_INPUT DATA:_
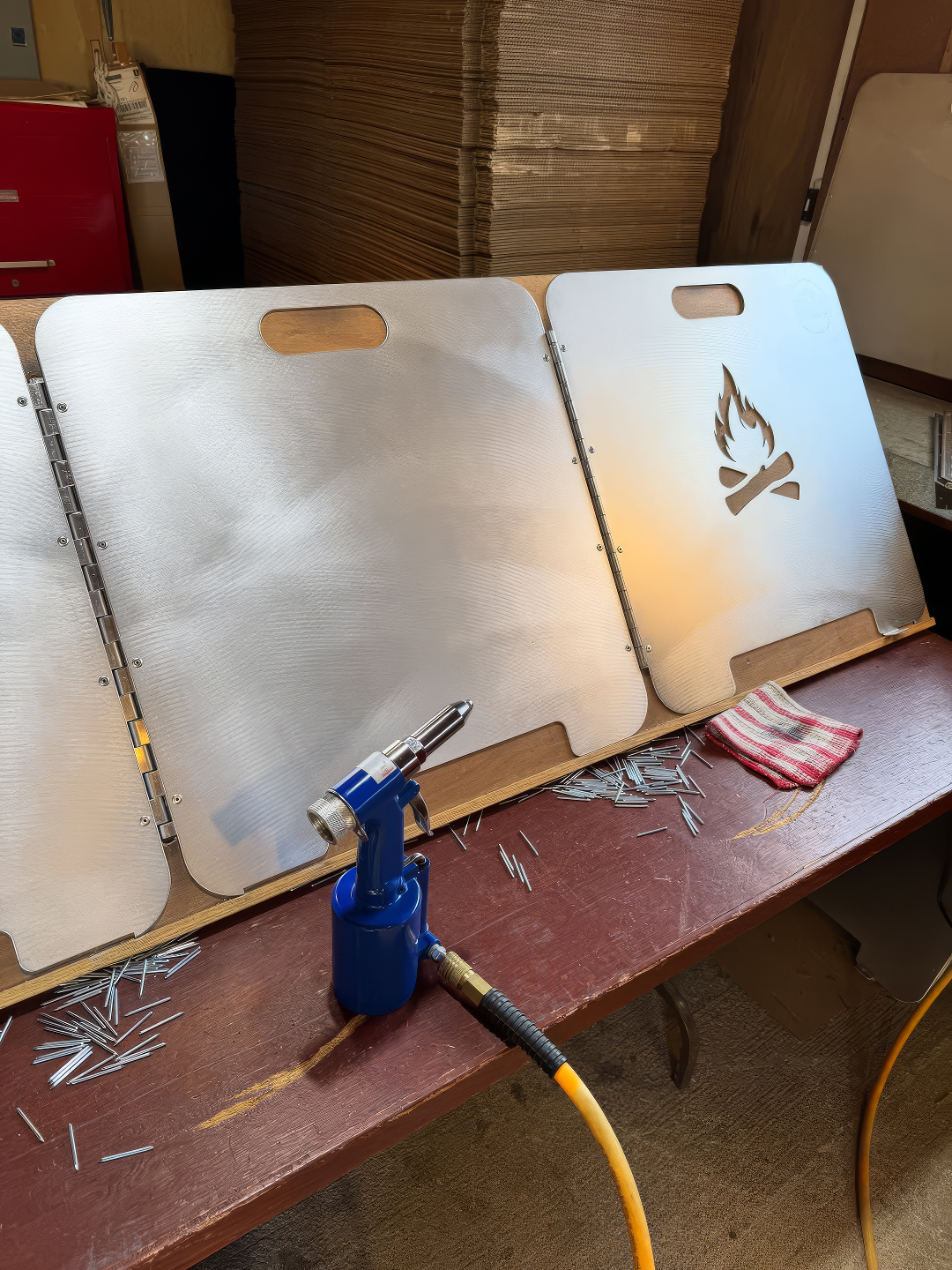 Close-up of the Original Fire Reflector panels being assembled on a workshop table next to a blue rivet gun and metal rivets.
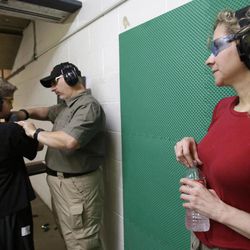 In this Sunday, May 19, 2013, photo, Cheryl Strain, right, watches as instructor Scott Stevens, center, shows her son Rory, 12, how to properly hold a shotgun at a shooting range in Houston. The Strains live in the first residential area being trained and equipped by a nonprofit that is giving away free shotguns to single women and neighborhoods with high crime rates. 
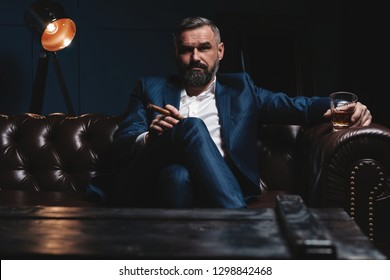 Portrait of handsome elegant mature man with cigar and a glass whiskey in a dark room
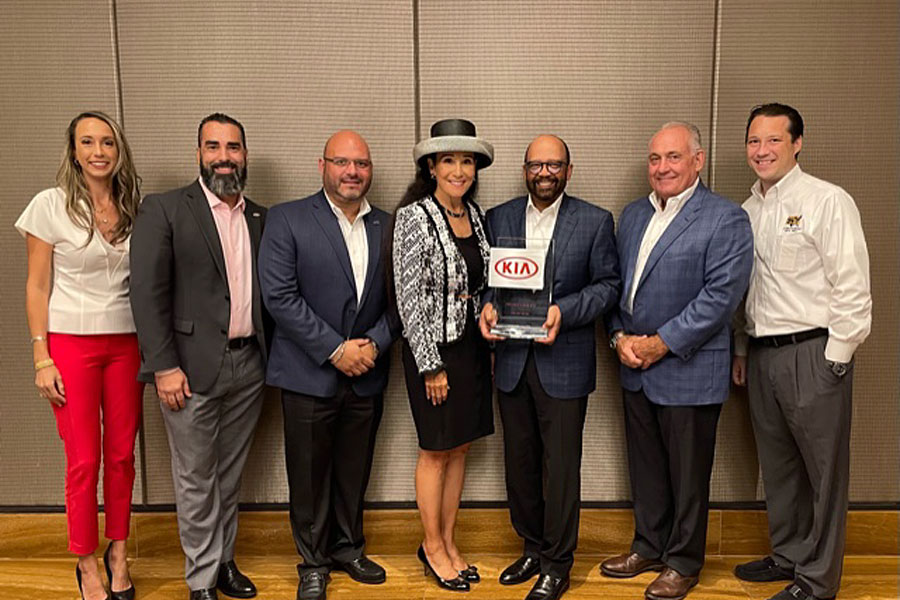 Raquel Case, Daniel Valdes (Kia), Jimy Contreras (Rick Case Kia GM), Rita Case, President and CEO, Rick Case Automotive Group, Percy Vaughn (Kia), Leroy Larson (Rick Case Executive GM), Ryan Case.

_EXERCISE:_ Reproduce the entire listing exactly, but omit any pictures.

_YOUR SOLUTION:_
 Close-up of the Original Fire Reflector panels being assembled on a workshop table next to a blue rivet gun and metal rivets.
 In this Sunday, May 19, 2013, photo, Cheryl Strain, right, watches as instructor Scott Stevens, center, shows her son Rory, 12, how to properly hold a shotgun at a shooting range in Houston. The Strains live in the first residential area being trained and equipped by a nonprofit that is giving away free shotguns to single women and neighborhoods with high crime rates. 
 Portrait of handsome elegant mature man with cigar and a glass whiskey in a dark room
 Raquel Case, Daniel Valdes (Kia), Jimy Contreras (Rick Case Kia GM), Rita Case, President and CEO, Rick Case Automotive Group, Percy Vaughn (Kia), Leroy Larson (Rick Case Executive GM), Ryan Case.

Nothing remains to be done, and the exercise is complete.